# Sparkling Water Pipeline Productionalization

## Background

Sparkling Water provides access to H2O algorithms and publishes an API to integrate them as part of regular Spark pipelines. This feature allows for seamless training and deployment of H2O algorithms in the Spark environment. Furthermore, thanks to MOJO (java binary) representations of trained H2O models, production pipelines do not require access to H2O runtime. This enables a wide variety of deployment scenarios. Similarly, Sparkling Water can be used for deploying MOJOs from Driverless AI models.

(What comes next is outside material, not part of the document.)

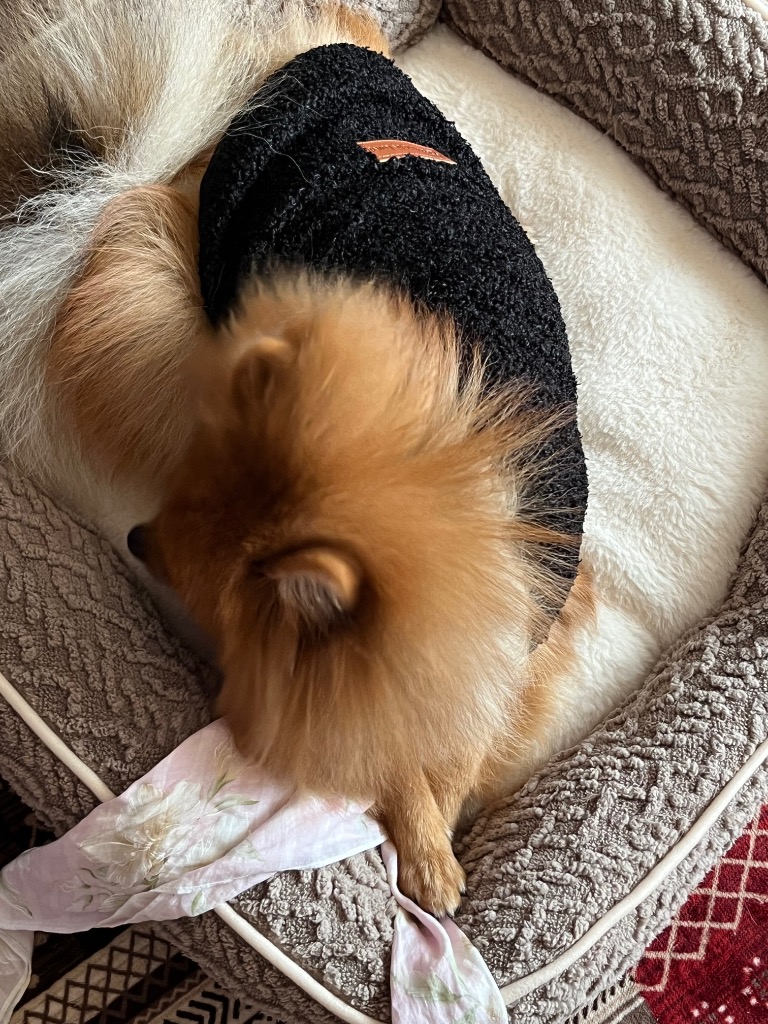 全体のレビュー画像 | 5-0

Moreover, by supporting Python and Scala environments, we enable a simple transfer of modeling results between data scientists ("Python land") and production ("JVM land").


## Goal

The goals of this hands-on are two-fold:
  - Show integration of H2O models into Spark pipelines using PySpark and PySparkling,
  - Demonstrate deployment of the trained pipeline in the context of JVM and Spark streaming.
  
Our modeling goal is to predict sentiment of Amazon food reviews. For this purpose, we use a pre-processed dataset from [SNAP repository](https://snap.stanford.edu/data/web-FineFoods.html). The dataset contains multiple columns but for simplicity, we will use only `date`, `summary` and overall `score`. The score helps us to approximate sentiment.

![Scenario](./img/scenario.png)

## Environment preparation

First, let's verify that `SparkSession` is available in the notebook environment. We do not need to explicitly create a `SparkSession` as it is automatically created for us
during startup of the Jupyter notebook. This works because Jupyter is configured with a Spark kernel.


In [None]:
spark

### Prepare `H2OContext`

We will start `H2OContext` in the so-called _internal backend_ mode. The means H2O is sharing the JVM with Spark, as shown below.

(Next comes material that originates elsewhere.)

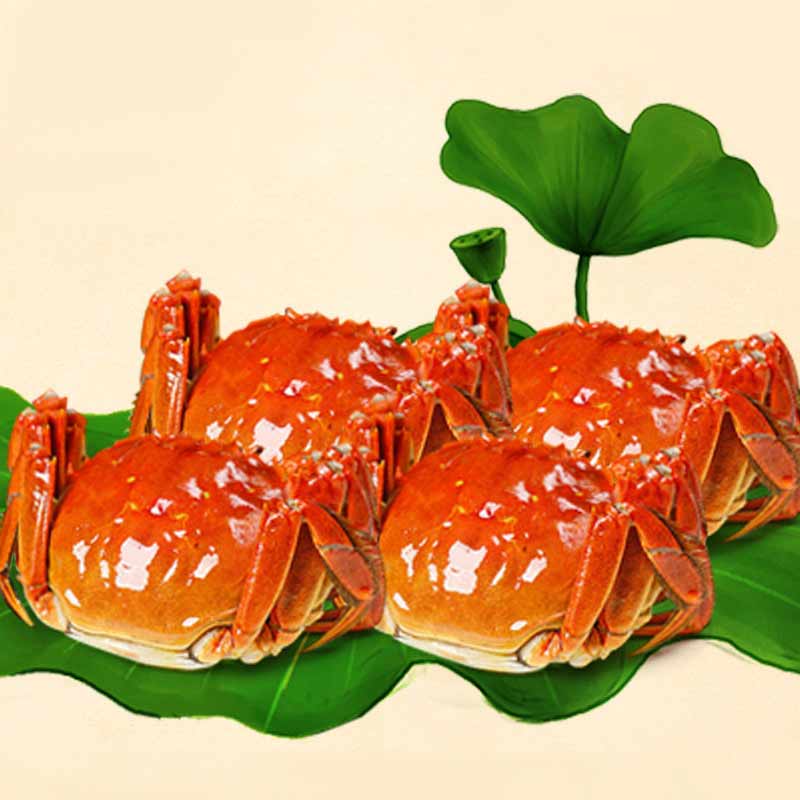 大闸蟹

![InternalBackend](./img/internal_backend.png)

The following call initializes H2O on each Spark executor in the Spark cluster.

In [None]:
from pysparkling import *
hc = H2OContext.getOrCreate(spark)

>Note: the reported IP is the private IP of the docker container where the notebook is running. To open H2O Flow in your own browser, copy your browser URL and replace the port with 54321. In Aquarium you would replace `/jupyter` with `/h2o`, since Aquarium uses reverse portmapping to get to the standard ports.
>
>For example, my Jupyter notebook's URL is `http://52.202.98.125/jupyter`. After opening a new browser tab or window, copy the address and replace port `/jupyter` with `/h2o`:
>`http://52.202.98.125/h2o`.

## Spark Steps

We are going to use Spark for all the initial steps, from data ingestion to data cleaning and feature engineering.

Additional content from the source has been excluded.